Abstract/Project Summary Dogma tells us that oxygen (O2) is an absolute requirement for cell/tissue survival. We have recently discovered a unique skeletal muscle that is remarkably and uniquely resistant to negative effects of ischemia. The implication is that unlike other peripheral skeletal muscles, this muscle has a distinct mechanism that allows it to tolerate ischemic conditions. Identifying the underlying mechanism(s) that explain the ischemia resistance could hold the key to unlocking therapeutic targets and/or approaches for improving tissue survival under conditions where O2 exposure is limiting. Ischemia affects skeletal muscle in numerous clinical conditions, including various myopathies, peripheral artery disease (PAD), compartment syndrome, severe limb injury, etc., not to mention coronary occlusion in cardiac muscle. Thus, the identification of a mechanism that provides ischemia resistance would overcome one of the longest standing challenges faced by clinicians. Using an integrative experimental design, the scientific goal of this project is to elucidate the unique functional, metabolic, and/or bioenergetic systems that account for the ability of this muscle to survive ischemic insults. The long-term goal of the project is to leverage the identified mechanism(s) to therapeutically treat and/or prevent myopathies induced or exacerbated by ischemia. The proposal will use molecular, biochemical, and physiological approaches designed to address hypotheses grounded in the idea that this unique muscle must be able to meet energetic demands and ensure sarcolemmal stability during ischemia. Thus, the experimental approach seeks to leverage already identified genes that are critical to the generation of adenosine triphosphate and manipulate genes that are able to stabilize the sarcolemma during ischemic conditions to prevent excitotoxicity. Using gain-of or loss-of function approaches the experiments designed in the proposal will determine if the mechanism is necessary for ischemia survival and also assess if the mechanism is sufficient to survive ischemia.

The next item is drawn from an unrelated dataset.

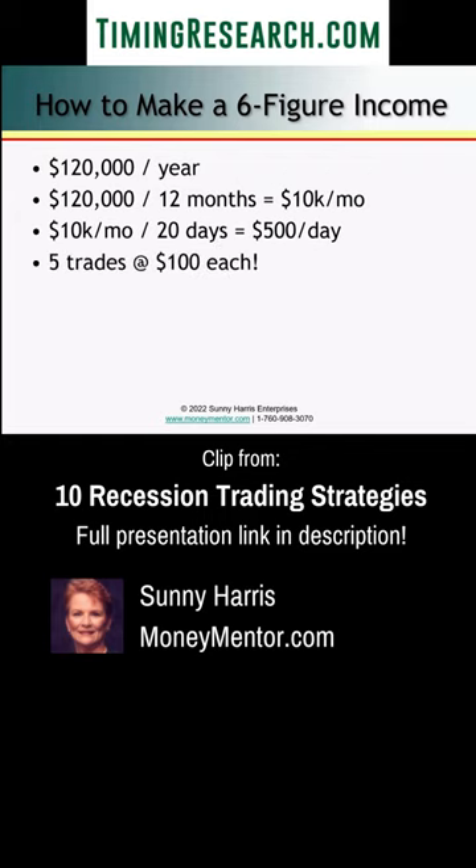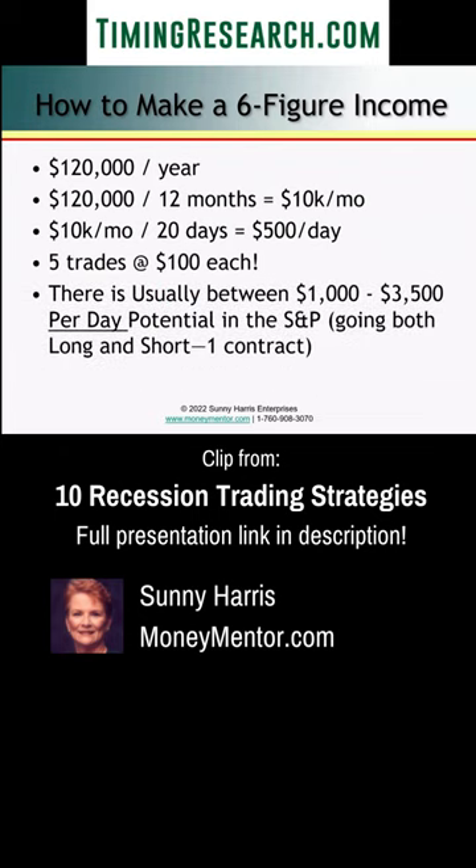So five trades of $100 each is all you have to do. And there's usually $1,000 to $3,500 per day potential in the S&P if you can go long and short both, with just one contract.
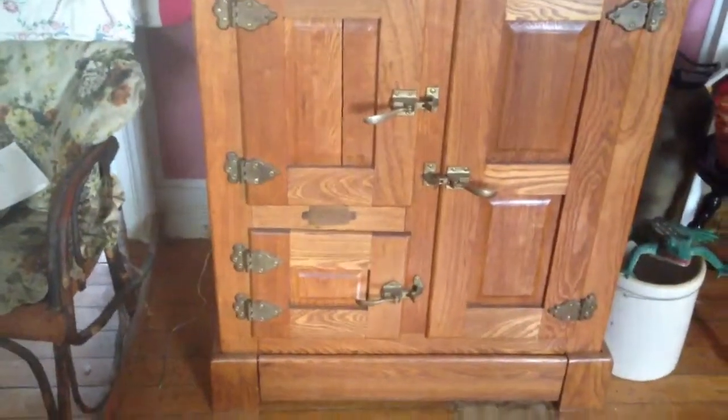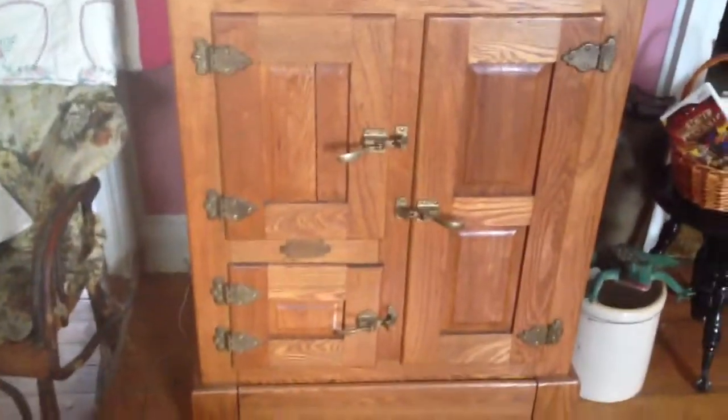Very beautiful piece of furniture. Got it at an auction in Muckton, Ontario — my sister's antique store. They had it in their dining room with a TV on it.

Completion of this proposal will challenge dogma concerning our understanding of how tissue can resist ischemic insults and advance the field forward in a significant fashion due to the identification of an ischemia-resistant muscle.

摘要/项目摘要 教条告诉我们，氧（O2）是细胞/组织存活的绝对要求。我们最近有 发现了一种独特的骨骼肌，对缺血的负面影响具有显着且独特的抵抗力。 这意味着与其他外围骨骼肌不同，该肌肉具有独特的机制 允许它耐受性缺血状况。识别解释缺血的基本机制 抗性可以保持解锁治疗靶标和/或改善组织存活的方法 在O2暴露限制的条件下。缺血会影响众多临床的骨骼肌 疾病，包括各种肌病，周围动脉疾病（PAD），室综合征，严重 肢体损伤等，更不用说心脏肌肉中的冠状动脉阻塞了。因此，识别机制 提供缺血性的抗药性将克服临床医生面临的最长的挑战之一。 使用综合实验设计，该项目的科学目标是阐明独特的 功能性，代谢和/或生物能源系统，这些系统可以说明这种肌肉能够生存的缺血性 侮辱。该项目的长期目标是利用确定的机制进行治疗 和/或预防缺血引起或加剧的肌病。该提案将使用分子，生化， 以及旨在解决这种独特肌肉以下的假设的生理方法 必须能够满足能量的需求并确保缺血期间的肌膜稳定性。因此， 实验方法试图利用已经确定的对产生至关重要的基因 三磷酸腺苷和操纵基因，能够在缺血期间稳定肌膜 防止兴奋性毒性的条件。使用功能丧失方法的实验在 该提案将确定该机制是否需要缺血生存，并评估是否是否 机制足以生存缺血。该提案的完成将挑战教条关于我们的 了解组织如何抵抗缺血性侮辱并以重大方式前进 由于鉴定出抗缺血的肌肉。